Страница 3 из 17
– Решил наконец вступиться за своего бойфренда, Лайтман? – прошипел Нотчер и, смахнув на пол застрявший в волосах комок жеваной бумаги, с ненавистью уставился на меня.
Сжав кулак, я шагнул к нему, приготовившись хорошенько врезать. И надо сказать, это произвело эффект: Нотчер дернулся, отпрянул назад и, споткнувшись о стул, едва удержался на ногах, а когда восстановил равновесие и снова посмотрел на меня, его щеки пылали от стыда.
В классе повисла мертвая тишина. Слышно было лишь, как древние часы на стене отсчитывали секунды.
«Ну, давай! – хотелось мне крикнуть. – Ударь меня. Только дай повод!»

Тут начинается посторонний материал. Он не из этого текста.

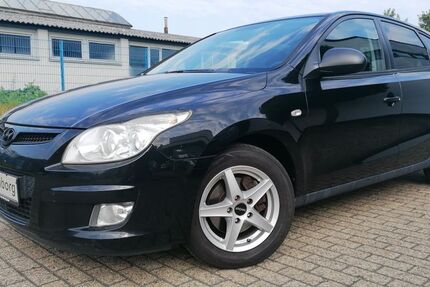 Hyundai i30 143.600 km 4.250 &euro; Emsdetten 48282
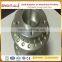 Customized aluminum die casting spare parts with cnc service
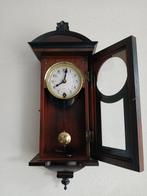 Regulateur - Hout - 1970-1980, Antiek en Kunst, Antiek | Klokken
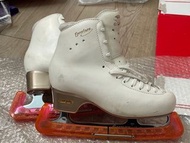 EDEA名牌溜冰鞋 size260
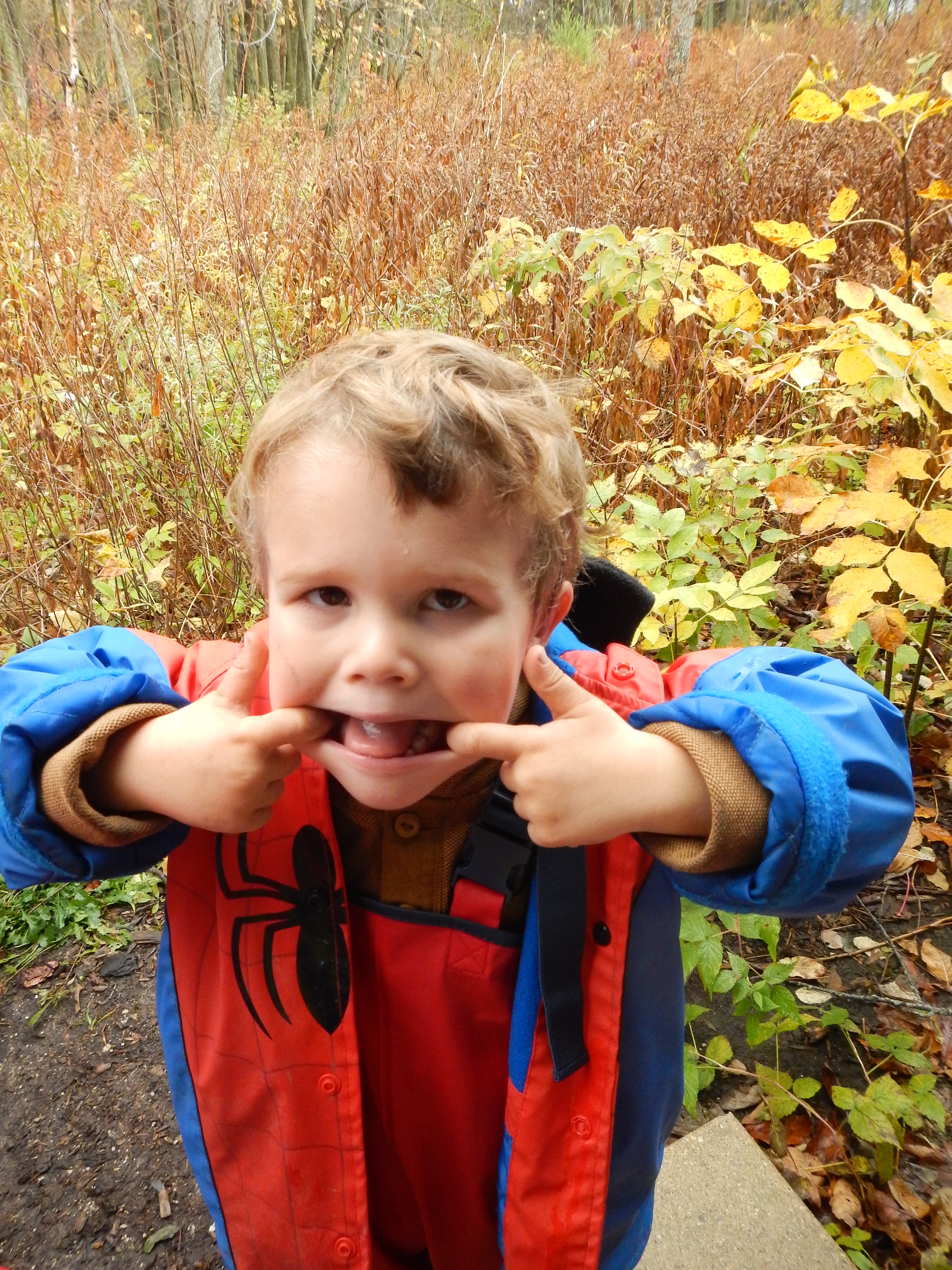 Schlitz Audubon Nature Center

Но гнев в душе Нотчера уже уступил место страху – возможно, он понял, что я вот-вот сорвусь.
– Псих, – пробормотал он и, показав мне фак, сел на свое место.
Пару мгновений я еще стоял над ним с занесенным для удара кулаком, а когда опустил руку, одноклассники с облегчением выдохнули. Кейси даже не кивнул мне в знак благодарности – поймав мой взгляд, он только еще больше сгорбился за партой, точно побитый пес.
Я украдкой посмотрел на Эллен и заметил, что ее глаза устремлены прямо на меня. Но едва наши взгляды встретились, она сразу отвернулась. Ни один человек в классе не смотрел на меня – за исключением Круза и Дила, причем оба выглядели обеспокоенными.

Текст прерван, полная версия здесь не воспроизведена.